Dasgupta, Partha. Economics: A Very Short Introduction (2007).
p. 159 Bottom
In a moving discourse on the character of poverty at the 2001 Plenary Meeting of the Pontifical Academy of Social Sciences, Vatican, Justice Nicholas McNally of Zimbabwe urged us all to see poverty as a sense of fatalism to ever-increasing economic hardships in a changing, and elsewhere an often progressive, world. At that same meeting, the political scientist Wilfrido Villacorta suggested that the term ‘poor’ when applied to countries is perhaps no longer useful; that countries ought perhaps now to be classified in accordance with some such term as ‘progressive’, so that we may ask if they have the institutions, policies, and civic attitudes in place to enable people to improve their lot. Perhaps the best Becky’s world can do for Desta’s is to offer financial and technical assistance so as to promote and support local enterprises – including those
p. 160
involving education and primary health care – that people there are all too keen to create even as they see from a distance how people elsewhere have been able to improve their conditions of living. And perhaps the best Desta’s world can do for Becky’s is to alert it to the enormous stresses economic growth there has put on Nature. There is, alas, no magic potion for bringing about economic progress in either world. [I bolded]
p. 102
Gender inequalities
The considerations I have just outlined can’t on their own explain the persistence and magnitude of household inequalities in the poor world. In a notable article, the demographer Pravin Visaria observed that the female–male ratio in India had shown a decline since the Indian Census of 1901; worse, it has been considerably less than 1. According to the most recent census, there are 93 women to every 100 men in India. In the rich world today, the ratio is 106 to 100. In answering a question the epidemiologist Lincoln Chen posed in response to Visaria’s finding, namely, ‘Where have the women gone?’, he and his collaborators collected gender-based mortality and anthropometric statistics from villages in the Indian sub-continent and discovered male bias in the allocation of food and health care in poor households. The suspicion is that parents not only practise female infanticide, but also withhold postnatal health care so as to reduce the number of girls in the household. [I bolded]
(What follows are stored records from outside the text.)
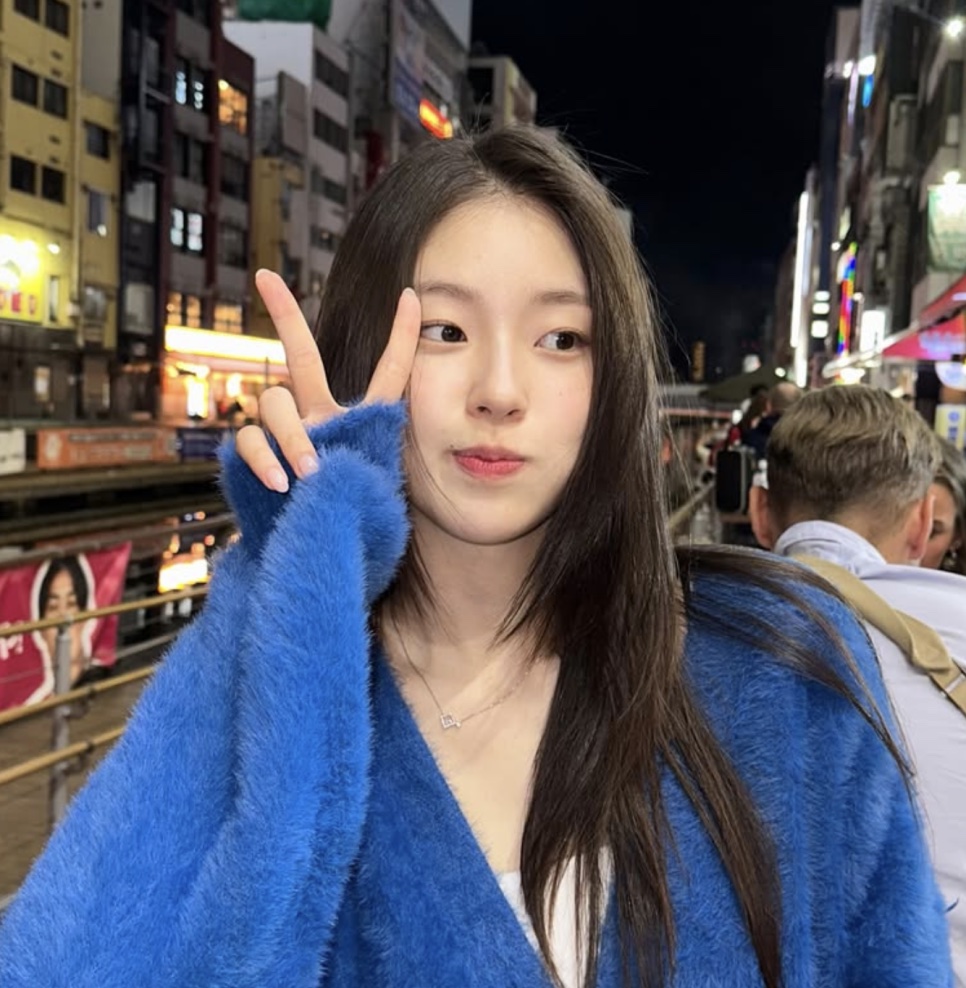 Shin Youn-ha de casaco azul peludo, fazendo sinal de V, numa rua iluminada por letreiros à noite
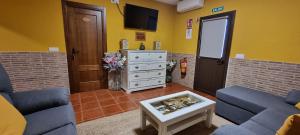 TV a/nebo společenská místnost v ubytování Apartamento Turistico "El Rincón de la Pernila"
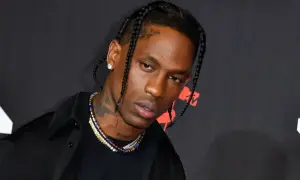 Travis Scott w czarnej koszuli i naszyjnikach, z warkoczami. Fani w Polsce czekają na jego koncert.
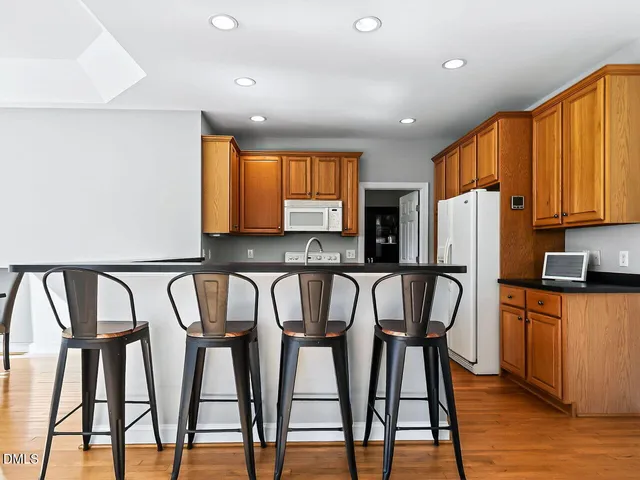 a kitchen with stainless steel appliances granite countertop wooden floor furniture and a refrigerator
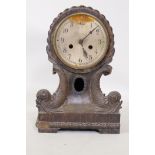 An antique oak cased mantel clock, with carved dolphin decoration, silvered copper dial and movement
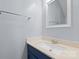 Bathroom vanity features a blue cabinet and modern fixtures, complemented by a stylish towel rack at 6443 Mallard View Ln, Charlotte, NC 28269
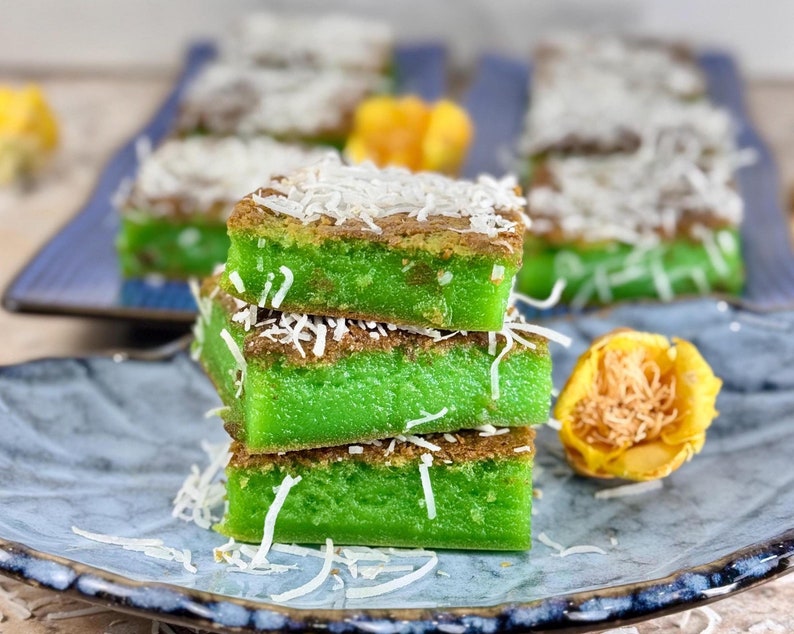 May include: A stack of three green and brown coconut cake squares on a blue plate. The cake is topped with shredded coconut.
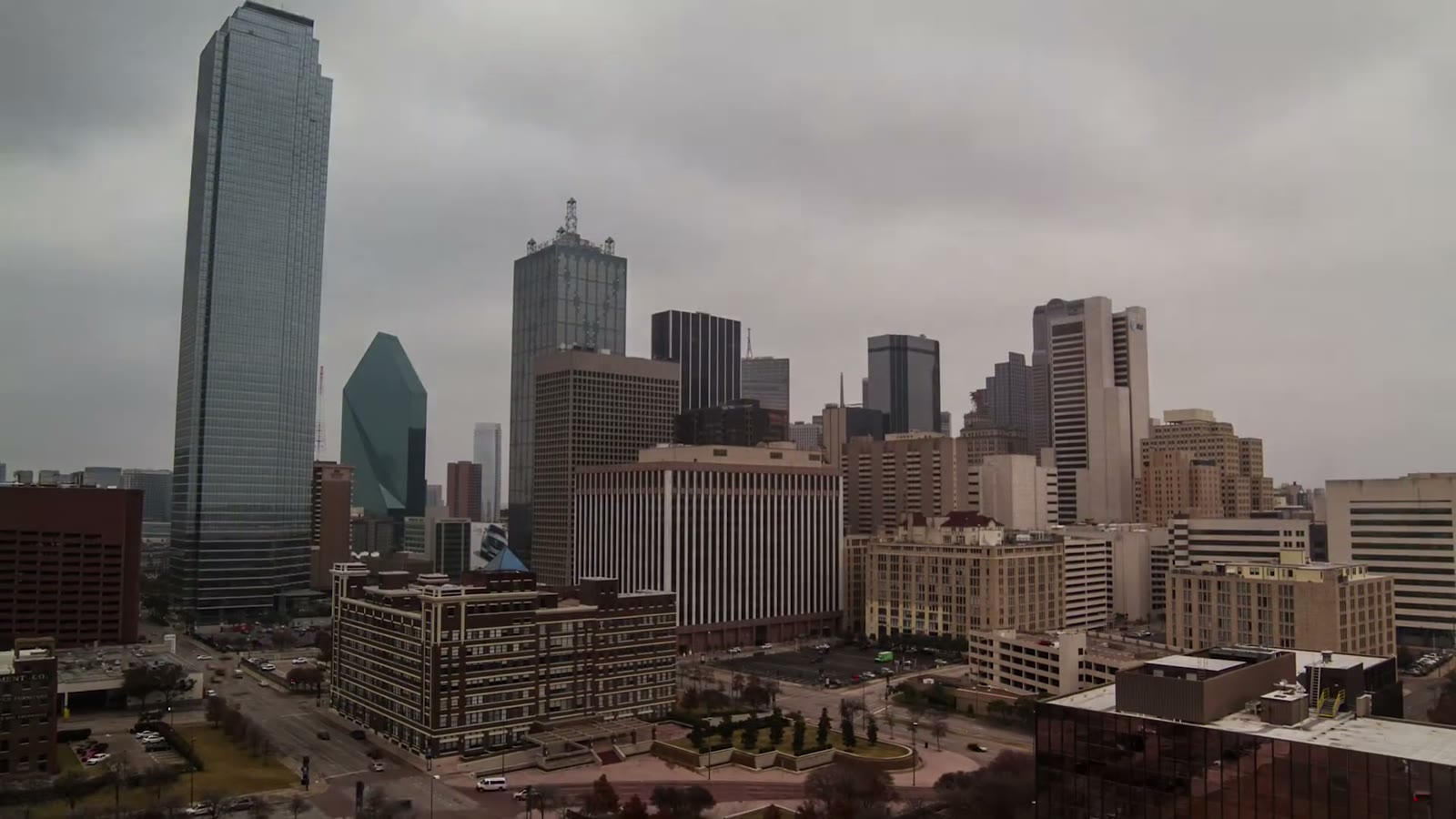 Aerial drone view of the Dallas skyline on an overcast day, Bank of America Plaza tower on the left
Economics: The User's Guide. p. 334.
Inadequate childhood nutrition, lack of learning stimulus and sub-par schools (frequently found in poor neighbourhoods) restrict the development of poor children, diminishing their future prospects. Parents may have some control over how much nutrition and learning stimulus their children get – and some poor parents, to their credit, make great efforts and provide more of those things than do other parents in similar situations – but there is a limit to what they can do. They are by definition under great financial stress. Many of them are totally exhausted from juggling two or three insecure jobs. And most of them had a poor childhood and poor education themselves.